Their book is a recounting of their own personal odyssey in this quest to find a fitting role for the new technology in an education that prepares students for life in today's multicultural, global society. The authors became good friends when they were teachers working at an international school in Ecuador. Burniske taught English and history, and Monke was a math and computer science instructor. Later, in 1993 when Burniske went to teach in Kuala Lumpur, Malaysia and Monke returned to a high school in Des Moines, Iowa, they decided a good way to keep in touch personally and professionally would be to launch an Internet project linking their far off classrooms. Linking their respective classrooms over the Internet, they set up their first project, called "Project Utopia," because the students were asked to study fictional and historical utopias and then design their own ideas of what a utopian community should be. The project produced a shared learning experience for students from very different cultures, half way around the world from each other.

The project also produced a host of learning experiences for the two teachers. Frustrating technical obstacles in using the Internet, aggravated by time zone differences, slow and balky modems, and a less-than-adequate e-mail system constantly besieged them. Then there were the human problems associated with sustaining student motivation, recovering from unavoidable participant dropout, and encouraging student dialogue in a virtual environment without the assistance of face-to-face classroom interactions. As subsequent projects are described, each was found to elicit new problems not previously encountered. One of the more interesting was "The Media Matter" project that aimed at helping students read the news critically, comparing their perceptions with students in other parts of the world.

For each of what they called their "Telecollaboration" projects the authors describe the lessons they learned, giving a fair-minded report of what worked and what didn't. The authors did not always agree on their appraisals, and make no pretense of hiding their differences behind a veil of vague doublespeak. To make their book a forthright and honest recounting of events as they experienced them, the authors hit on the device of writing separate alternating chapters. While both authors remain optimistic about the promise of using the Internet to design and implement educationally sound learning experiences (otherwise why the book?), Burniske comes off sounding more optimistic than Monke about the ease and rapidity with which this will happen.
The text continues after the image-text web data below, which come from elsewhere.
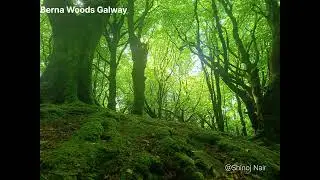 BARNA WOODS Galway Ireland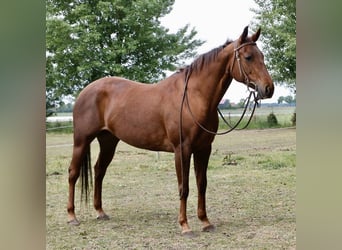 Quarter Pony, Merrie, 9 Jaar, 147 cm, Vos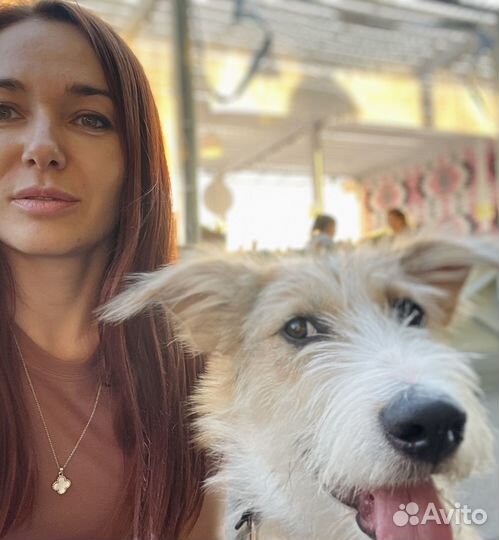 Передержка собак в домашних условиях, догситтер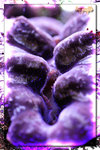 PNG0171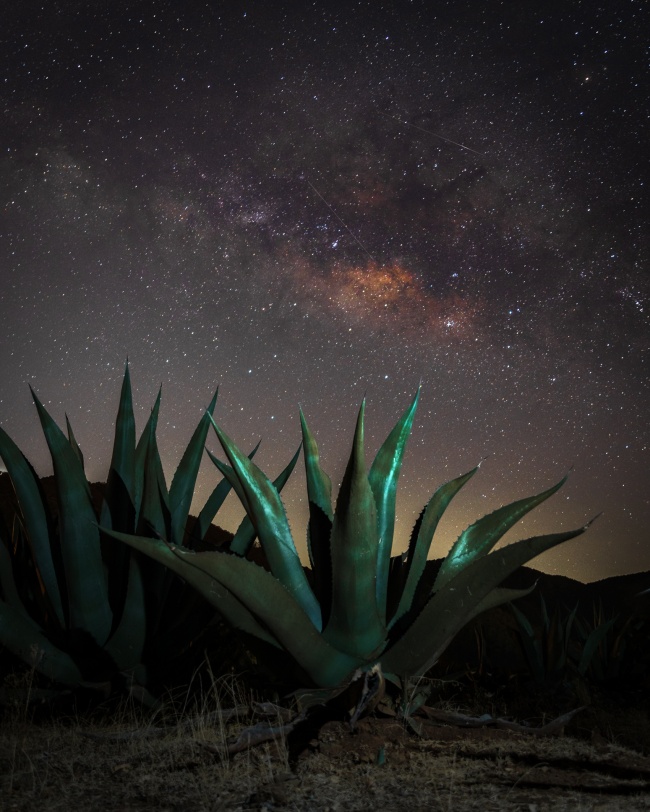 foto:EDUARDO FERNANDO GONZALEZ ACOSTA - lo hecho en México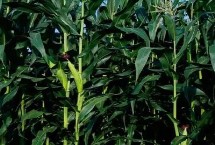 泽玉906玉米栽培技术要点，一般4月下旬至5月上旬播种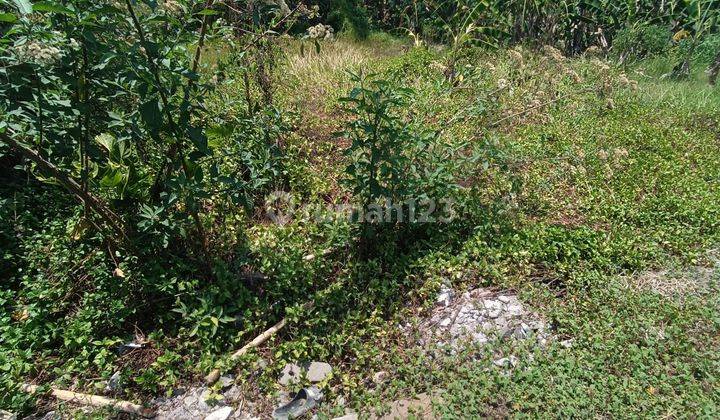 TANAH LINGKUNGAN VILLA VIEW SAWAH DAN JUNGLE SIAP BANGUN VILLA  2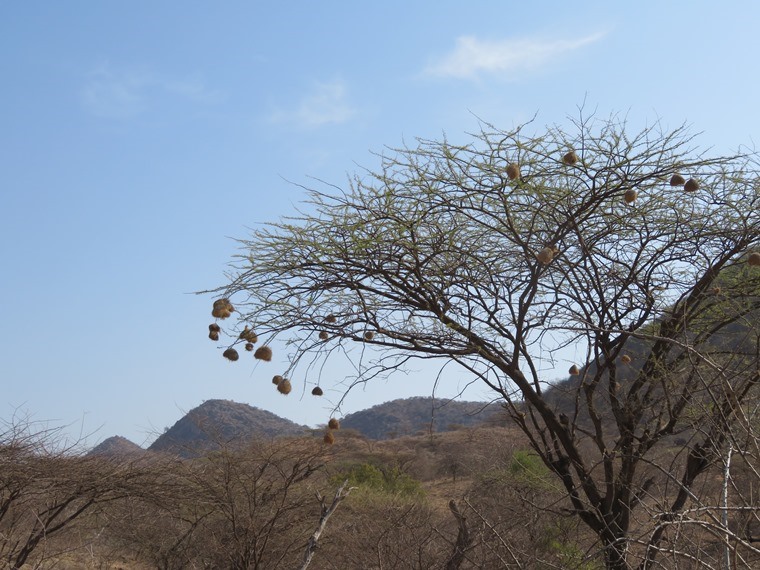 Kenya, Matthews Range Walking Safari, Matthews Range Walking Safari, Walkopedia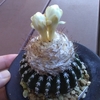 ホルスティ　花ひらくとき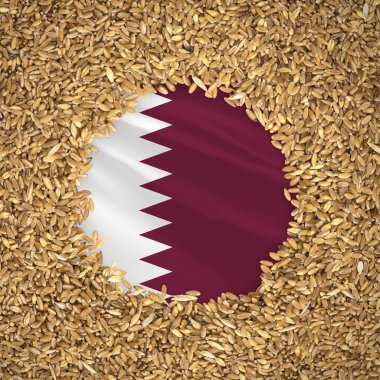 Flag of qatar with grains of wheat. Natural whole wheat concept with flag of qatar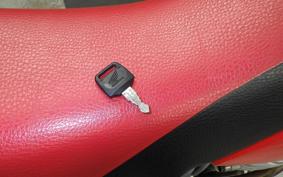 HONDA XR-250 2025 MD30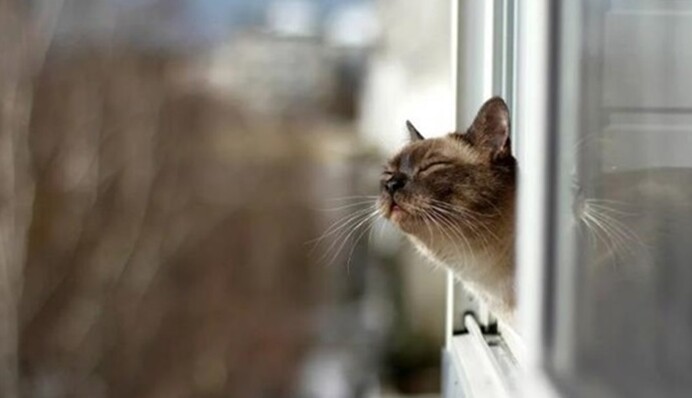 Місцями дощі та потепління до +11: яким регіонам України пощастить з погодою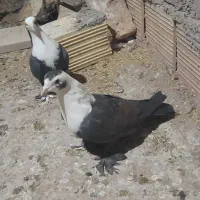 سه جفت سر سفید|پرنده|رفسنجان, |دیوار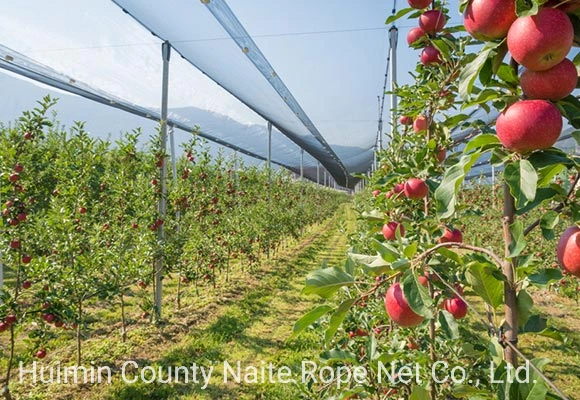 Gezi Insect Proof Net for Greenhouse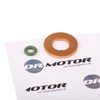 DR.MOTOR AUTOMOTIVE Gasket Set Injector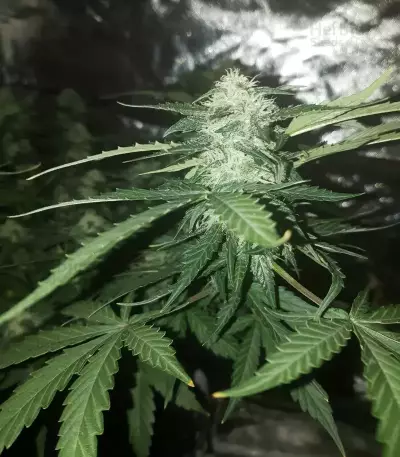 Purple Wreck (Reserva Privada)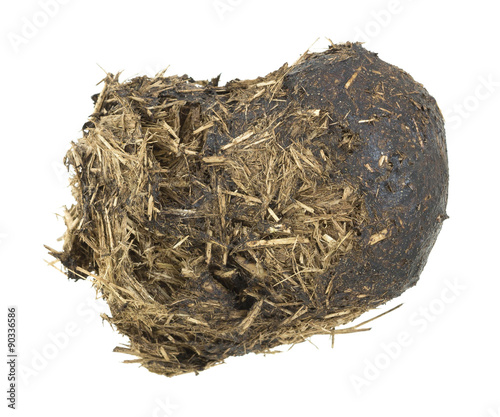 Horse dung isolated on white background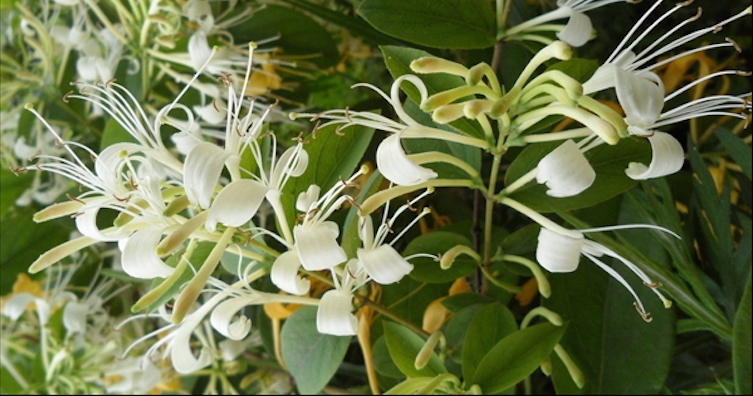 Тайните на орловия нокът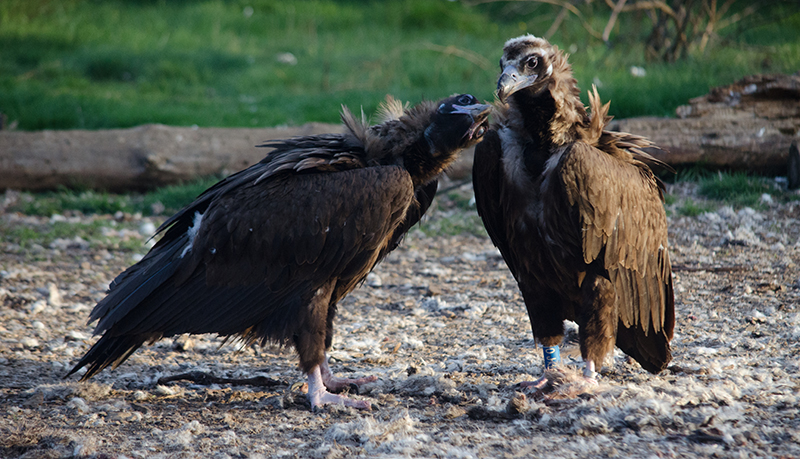 Pareja de buitre negro de la Sierra de la Demanda formada por "Centinela" (a la derecha), macho liberado en 2019, y "Dana", hembra exógena.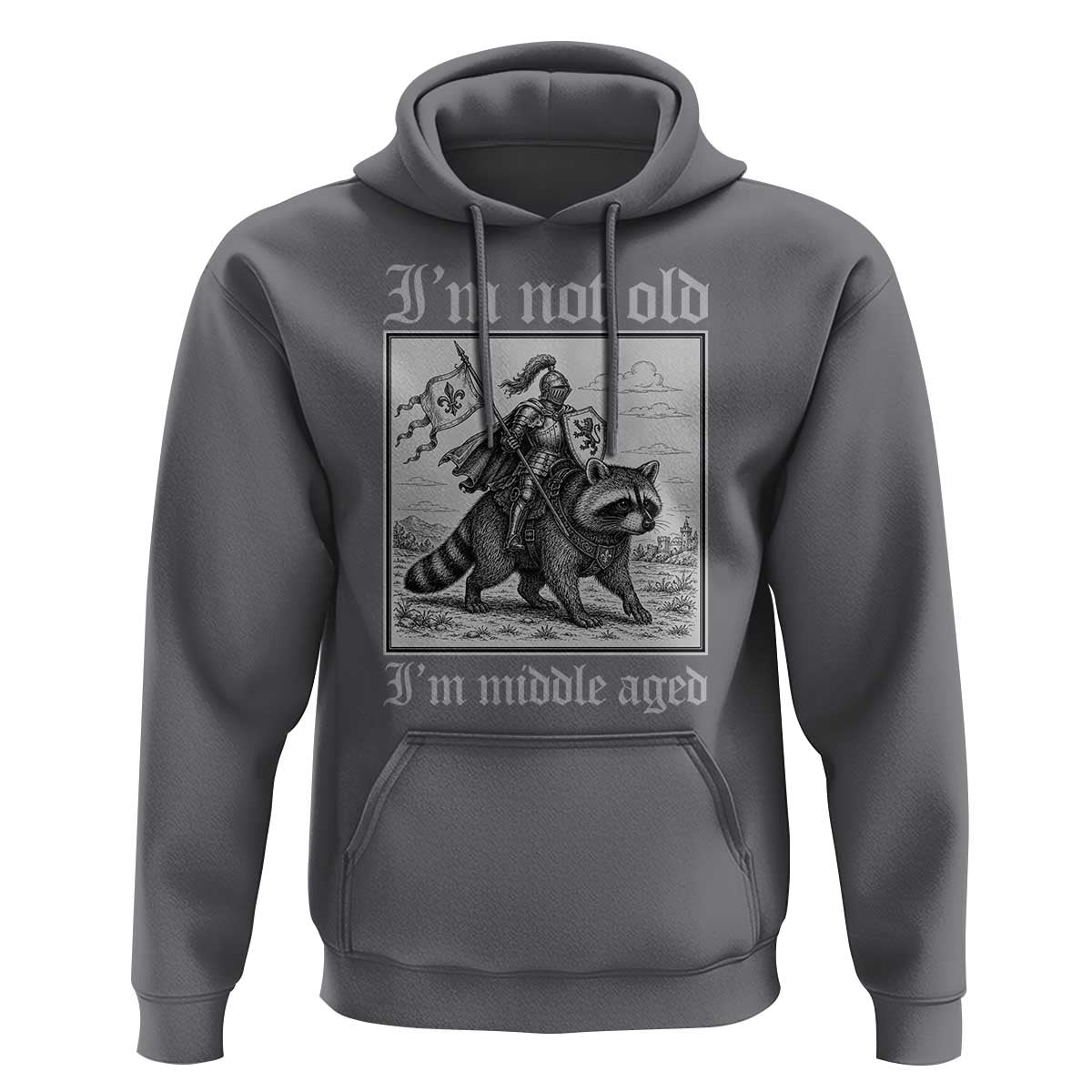 I Am Not Old I Am Middle Aged Hoodie Medieval Knight Riding Raccoon Funny Ren Faire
Readers of this book should come away informed of the difficulties involved in creating successful Internet learning projects, yet at the same time inspired to accept the challenge of attempting them. This is so in no small part because the book exudes a low-key sense of daring-do that committed teachers find exciting. For the timid, the book also contains tips on dealing with interfering administrators, and others with bookkeeping mentalities. Although the authors worked at the high school level, the lessons learned should easily transfer to other school levels. In fact, college instructors will find the ideas behind the book probably even better suited for use with their more seasoned students.

In Breaking Down the Digital Walls, Mr. Burniske, now a researcher in the computer-writing laboratory at the University of Texas at Austin, and Mr. Monke, now an assistant professor of education at Wittenberg University have given us a book that is no run-of-the-mill "how to do it" manual, but a book that should motivate the creative teacher to get busy integrating Internet technology into his classroom without denying him the challenge of deciding how best to do it. As an additional bonus, we are introduced to two very interesting personalities, thanks to the book's memoir style.

James F. Doyle is a member of the Clark Atlanta University faculty.